Any plans to reduce the minimum bill time for Fargate to accommodate short tasks?
With 1 minute minimum billing you have to turn to lambda for very short tasks or have a long running Fargate consuming tasks from some message bus.
If you choose lambda, your containers don’t work so you need to rebuild your runtime with lambda layers or ebs or squeeze into the lambda env.
If you choose messaging, say SQS from a lambda called by API gateway you’ve complicated your architecture and your Fargate instance is potentially hanging out billing, idle, and waiting for messages.
Fargate spot removed the last reason to consider AWS Batch. Short tasks could largely replace lambda.
This stuff is probably waaaay over my head, but isn't that why SIGTERM was made for ? To notify a running process that the host needs to be shutdown/restarted and to let the running process finish it's current task (current frame encoding / current multiplayer game / current request / ...) and that the state / cache / progress / ... needs to be saved.

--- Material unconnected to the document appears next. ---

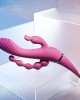 Gender X Four By Four - Pink Multi Vibrator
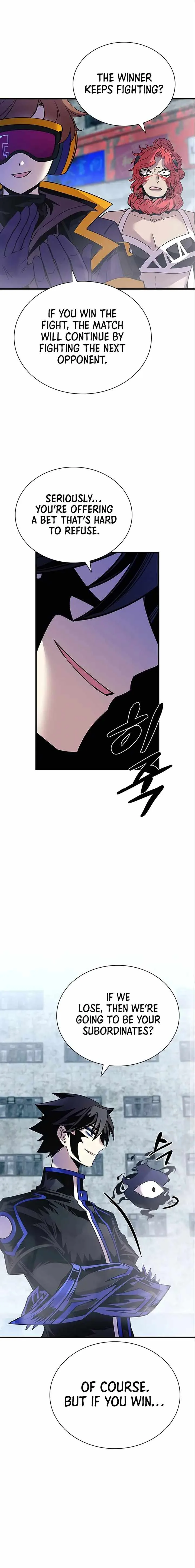 Villain To Kill Chapter 118 page 10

The process on aws side would then be : send SIGTERM to all workloads. wait for [configurable] amount of time (maxed at xx hours) or until all workloads have exited (whichever comes first). Shutdown the node. Update the node. Start the node. Restart the workloads.

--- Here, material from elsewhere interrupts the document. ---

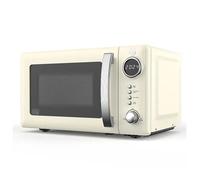 Swan Retro Revive Cream 800w Digital Microwave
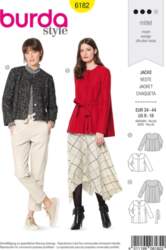 BURDA 6182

Yep you are right about SIGTERM, but let's think back to the original reason why we wanted to update the node: because of a patch, probably a security patch for a CVE?

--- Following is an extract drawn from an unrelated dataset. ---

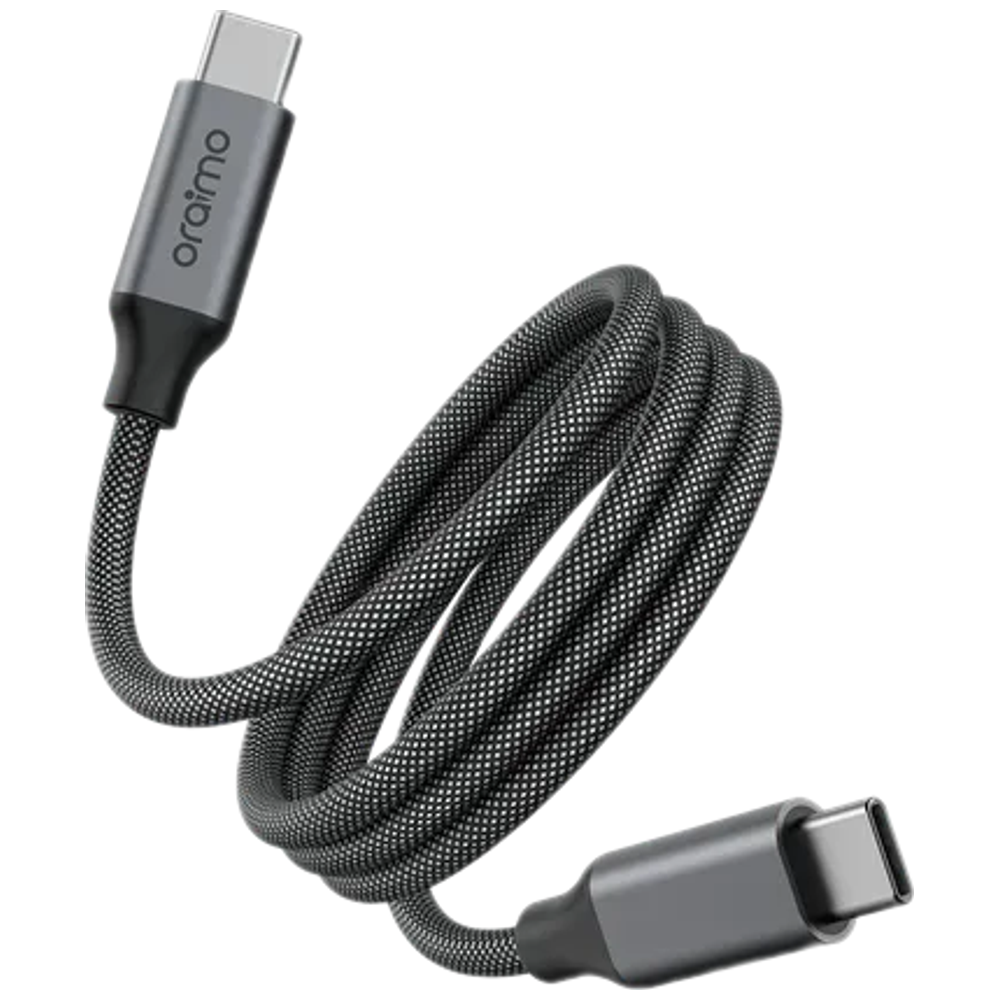 Oraimo OCD 710CC- Cable USB-C To USB-C - 1 m - 66W -  Black 1m 66W – 19,000 IQD Iraq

What is the better option here? Implement a SIGTERM based process that allows the user to block the patch for a critical, possibly zero-day CVE for xx hours, remaining in a vulnerable state the entire time? Or implement a system that just patches the underlying host without interrupting the workloads on the box?
You aren't wrong, what you described is a possibility, but it is not the best possibility.
If there's a CVE vulnerability that is being actively exploited on your network, you should preempt running processes to deal with it, and absolutely must take the boot+nuke approach, because it already could be affecting any host that has not already been boot+nuked?
If there's not a CVE, AWS can significantly manage the lifecycle of their machines, and have ~5% of all of their machines "unschedulable" at any one time, waiting for existing processes to complete so that they may use an orderly restart before doing a boot+nuke. A SLA of "Tasks may never run longer than X days"(x=10-30) allows them to perform orderly restarts.
Nothing is "broken" about it. It's just that when you have tens of thousands of machines that might need an urgent security update, it's very inefficient and costly to destroy all of them at once instead of patching. Destroying machines regularly is not the same thing as frequently destroying all of them at once.
Bottlerocket is built in part based on our experiences operating AWS Fargate, which obviously has as one of its needs the ability to patch a colossal number of hosts which are running people's containers, without downtime or disrupting their containers. Bottlerocket is designed to ensure that this is both efficient and safe. We aren't the only ones with this need. Many large orgs also have tremendous fleets, and its unacceptable to cause significant disruption by rotating at the host level.
Another aspect to consider is stateful workloads that are using the local disks. Bottlerocket lets you safely update your host if you are running something like a database or other stateful system where you don't really want to move your data around.
Not everyone will need to use this updating mechanism, but I think it will be very attractive to many of the larger organizations with a lot of infrastructure.